Hyperram bandwidth in context

Now the hyperram Bus Interface Unit is working, the next problem is sharing its bandwidth efficiently so we can make use of it between the other functions in the FPGA confidently and efficiently.

On the other side of the Hyperram pipe, under the pseudo-static veneer, it's nothing more than traditional SDRAM. That means it's expensive in latency to select a column, but after that it's cheap to spam contiguous row data.

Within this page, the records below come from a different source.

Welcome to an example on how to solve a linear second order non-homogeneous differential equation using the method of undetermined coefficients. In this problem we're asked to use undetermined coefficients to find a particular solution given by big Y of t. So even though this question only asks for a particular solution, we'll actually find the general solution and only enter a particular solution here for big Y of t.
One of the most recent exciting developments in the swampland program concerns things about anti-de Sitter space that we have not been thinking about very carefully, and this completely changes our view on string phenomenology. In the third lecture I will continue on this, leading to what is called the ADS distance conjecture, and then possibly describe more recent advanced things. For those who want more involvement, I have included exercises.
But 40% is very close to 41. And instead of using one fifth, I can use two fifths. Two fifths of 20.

In other words since we have to spend 3 SDR clocks + latency (at least 2 more and as many as 5 more at our low speed) to select a random address, plus dead time around CS up and down, it's relatively expensive to move to a new address unless it's the old address plus one word. But once you have started the packet to set a random address, bursting is very cheap, 16-bits coming every SDR clock (15.6ns at 64MHz SDR).

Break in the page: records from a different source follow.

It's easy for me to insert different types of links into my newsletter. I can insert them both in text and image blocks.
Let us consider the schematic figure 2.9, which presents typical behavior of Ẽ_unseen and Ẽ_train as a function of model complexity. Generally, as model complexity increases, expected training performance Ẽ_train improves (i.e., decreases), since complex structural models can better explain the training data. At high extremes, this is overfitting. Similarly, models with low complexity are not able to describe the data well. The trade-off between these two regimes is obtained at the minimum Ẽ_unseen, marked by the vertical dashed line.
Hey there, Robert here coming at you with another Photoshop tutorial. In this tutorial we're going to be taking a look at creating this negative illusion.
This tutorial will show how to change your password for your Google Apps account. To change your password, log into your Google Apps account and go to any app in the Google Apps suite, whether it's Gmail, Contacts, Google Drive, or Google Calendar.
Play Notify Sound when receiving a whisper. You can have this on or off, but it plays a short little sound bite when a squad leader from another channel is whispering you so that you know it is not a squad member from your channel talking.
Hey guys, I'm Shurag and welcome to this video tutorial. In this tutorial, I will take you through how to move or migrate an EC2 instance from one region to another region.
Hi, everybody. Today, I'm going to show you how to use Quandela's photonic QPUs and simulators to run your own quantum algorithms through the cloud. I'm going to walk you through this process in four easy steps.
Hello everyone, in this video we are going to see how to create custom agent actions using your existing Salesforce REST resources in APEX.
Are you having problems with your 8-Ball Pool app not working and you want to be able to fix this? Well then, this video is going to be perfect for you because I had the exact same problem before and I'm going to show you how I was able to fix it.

(CPU access to Hyperram over SPI is a special case in this system, it's handled with a burst size of 1 every time since it's relatively uncommon).

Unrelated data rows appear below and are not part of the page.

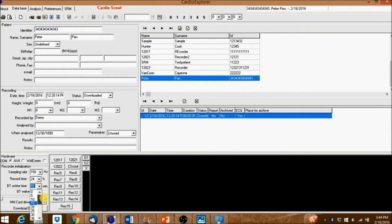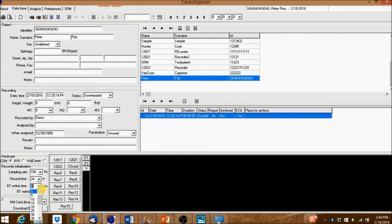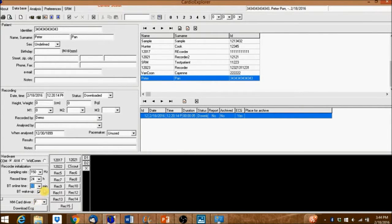Setting it to 0 minutes will allow telemetry users to see the live stream continuously. If you're programming the recorder for a Holter, we suggest setting the Bluetooth online time to 10 minutes.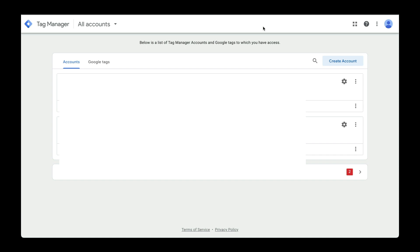Once you log in, you'll see a screen like this to create a new account. I'll be using my website called cabinpromos.com to set up this process. Alright, let's get started.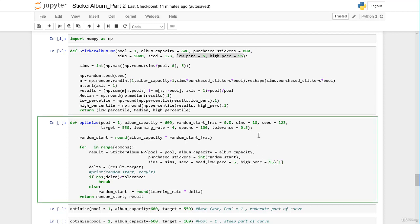We can change the number of simulations to 500. Our NumPy code is much faster so we can increase the amount of simulations. We can also enable printing of intermediate results so we can understand why something is working or not. Now we can run and define our optimize function.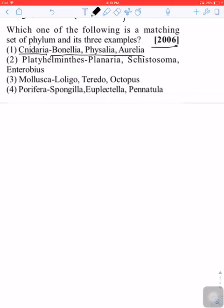After that, there are Platyhelminthes. There are Planaria and Schistosoma, but Enterobius is not true. There are other things that are not in it.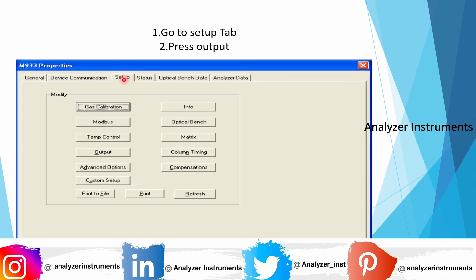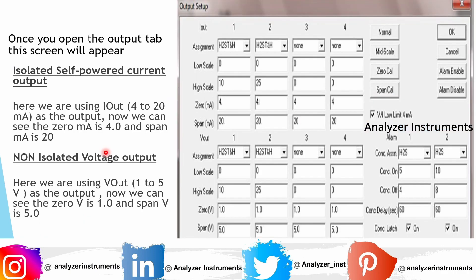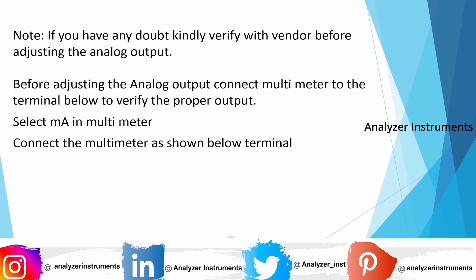Go to the Setup tab and press Output. Once you open the Output tab, the screen will appear. Under isolated self-powered current output in 4 to 20 milliamps, we have set the low scale as 0 ppm and the high scale as 10 ppm — so 0 ppm corresponds to 4 milliamps and the span (upper range value) corresponds to 20 milliamps. For voltage output, 0 corresponds to 1 volt DC and the span corresponds to 5 volt DC.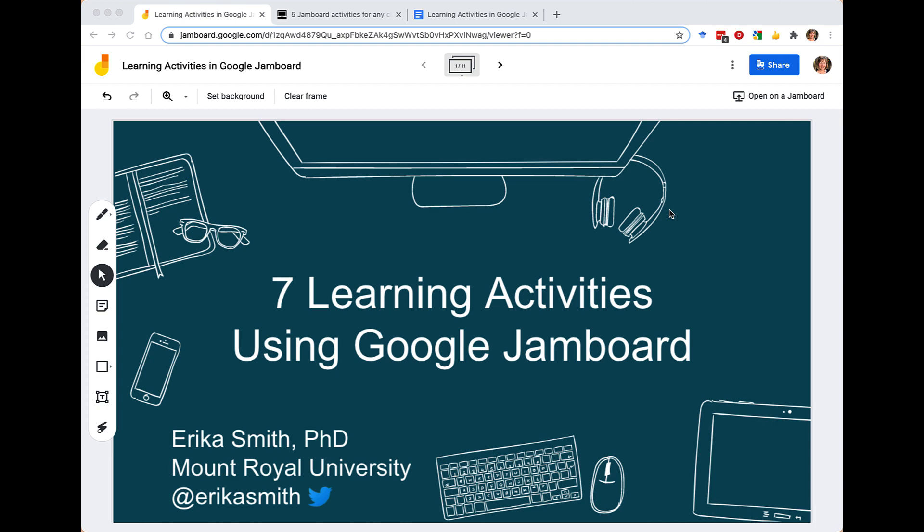Hi everyone and welcome to this brief video on seven learning activities that you can use with your students in Google Jamboard. My name is Erica Smith and I'm an associate professor and faculty development consultant in the Academic Development Center at Mount Royal University. Feel free to follow me on Twitter for more tips or to ask me questions, and I'll provide my email at the end of this video.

Interfacing to a bursty bus

You could design the system with peripherals that only make individual 1-word "bursts" in sequence, ie, ignore bursting. (In fact I tested this after the BIU was able to work, with two masters doing accesses wordwise and it works fine, it blocks the bus for around 250ns each time overall). But as explained above, that goes directly against the main characteristic of SDRAM, that bursting is cheap.

Therefore the solution involves:

https://warmcat.com/biu.png

  • Designing the peripherals to favour sequential accesses, as we will see, that may mean instead of storing a "struct" or "descriptor" sequentially, it may be advantageous to store the members in their own sequential storage separately.

  • The peripherals must be able to wait until ALL the data they need is available.... another peripheral may be bursting on the bus and only one peripheral can do that at a time

  • Independent FIFOs that leverage the high bandwidth burst action so we can get in and grab a chunk of sequential data, and then hand it out to the peripheral on demand with usually no latency. The RAMs are acting like a rate adapter, between the constrained Hyperram burst and the unconstrained FIFO consumer.

  • An arbitration scheme between possibly many clients who may need to share the bus at reasonably low latency

ICE5 block RAM

The big ICE5 chip has 20 x 256x16 dualport RAMs on the die for exactly this kind of task. These can be converted to Hyperram compatible FIFOs with a modest amount of glue logic, giving us a primitive that can read from a range of Hyperram addresses into the 256x16 SRAM (aka "block ram"), but present a dumb FIFO interface on the other side.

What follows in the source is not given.